→ THE TASK: In the entries below, find the line with "Premium Smooth paper" and print exactly every line from there up to and including the line with "HP Compaq Pro", with no other lines.

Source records
########################################

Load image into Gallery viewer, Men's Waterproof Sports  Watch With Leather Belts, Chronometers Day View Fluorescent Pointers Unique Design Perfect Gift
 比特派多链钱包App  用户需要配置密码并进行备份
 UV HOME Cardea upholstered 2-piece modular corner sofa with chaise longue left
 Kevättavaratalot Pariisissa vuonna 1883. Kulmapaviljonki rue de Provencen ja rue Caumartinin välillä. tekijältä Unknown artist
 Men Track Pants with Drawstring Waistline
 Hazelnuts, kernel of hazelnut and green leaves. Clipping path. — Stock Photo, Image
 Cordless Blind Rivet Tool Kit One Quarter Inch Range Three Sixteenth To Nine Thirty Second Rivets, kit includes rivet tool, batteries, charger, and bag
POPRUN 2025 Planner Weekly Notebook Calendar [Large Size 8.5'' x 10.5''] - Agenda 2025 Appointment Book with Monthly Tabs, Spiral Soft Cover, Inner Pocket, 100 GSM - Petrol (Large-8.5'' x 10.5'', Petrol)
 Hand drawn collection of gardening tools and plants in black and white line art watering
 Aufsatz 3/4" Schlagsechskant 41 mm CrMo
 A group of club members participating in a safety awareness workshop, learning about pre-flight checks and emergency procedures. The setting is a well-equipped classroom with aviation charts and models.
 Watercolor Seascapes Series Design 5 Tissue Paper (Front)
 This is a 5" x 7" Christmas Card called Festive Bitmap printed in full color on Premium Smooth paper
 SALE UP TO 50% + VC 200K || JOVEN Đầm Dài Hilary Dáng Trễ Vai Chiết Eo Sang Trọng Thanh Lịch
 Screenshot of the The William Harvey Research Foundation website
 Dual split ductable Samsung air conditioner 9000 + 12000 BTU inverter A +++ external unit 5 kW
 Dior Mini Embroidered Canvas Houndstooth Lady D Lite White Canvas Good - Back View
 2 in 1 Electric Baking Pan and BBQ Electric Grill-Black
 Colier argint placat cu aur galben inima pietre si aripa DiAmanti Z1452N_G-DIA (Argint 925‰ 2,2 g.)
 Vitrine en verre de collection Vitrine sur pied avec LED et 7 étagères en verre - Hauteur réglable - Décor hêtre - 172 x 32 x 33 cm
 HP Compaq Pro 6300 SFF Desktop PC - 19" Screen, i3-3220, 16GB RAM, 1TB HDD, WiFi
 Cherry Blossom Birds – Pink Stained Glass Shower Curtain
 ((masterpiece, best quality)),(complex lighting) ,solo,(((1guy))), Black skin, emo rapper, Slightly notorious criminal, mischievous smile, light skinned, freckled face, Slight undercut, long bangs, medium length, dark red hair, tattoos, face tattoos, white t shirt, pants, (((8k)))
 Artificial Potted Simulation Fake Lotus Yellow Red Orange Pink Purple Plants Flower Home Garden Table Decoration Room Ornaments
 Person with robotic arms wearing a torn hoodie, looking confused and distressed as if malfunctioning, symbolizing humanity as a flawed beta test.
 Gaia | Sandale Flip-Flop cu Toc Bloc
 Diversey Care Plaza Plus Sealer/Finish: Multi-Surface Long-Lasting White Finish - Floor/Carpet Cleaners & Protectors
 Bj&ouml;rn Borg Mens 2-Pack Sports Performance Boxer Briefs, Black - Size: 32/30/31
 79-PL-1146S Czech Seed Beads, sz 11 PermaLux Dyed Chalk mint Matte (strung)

########################################

→ SOLUTION FOR THIS TASK:
 This is a 5" x 7" Christmas Card called Festive Bitmap printed in full color on Premium Smooth paper
 SALE UP TO 50% + VC 200K || JOVEN Đầm Dài Hilary Dáng Trễ Vai Chiết Eo Sang Trọng Thanh Lịch
 Screenshot of the The William Harvey Research Foundation website
 Dual split ductable Samsung air conditioner 9000 + 12000 BTU inverter A +++ external unit 5 kW
 Dior Mini Embroidered Canvas Houndstooth Lady D Lite White Canvas Good - Back View
 2 in 1 Electric Baking Pan and BBQ Electric Grill-Black
 Colier argint placat cu aur galben inima pietre si aripa DiAmanti Z1452N_G-DIA (Argint 925‰ 2,2 g.)
 Vitrine en verre de collection Vitrine sur pied avec LED et 7 étagères en verre - Hauteur réglable - Décor hêtre - 172 x 32 x 33 cm
 HP Compaq Pro 6300 SFF Desktop PC - 19" Screen, i3-3220, 16GB RAM, 1TB HDD, WiFi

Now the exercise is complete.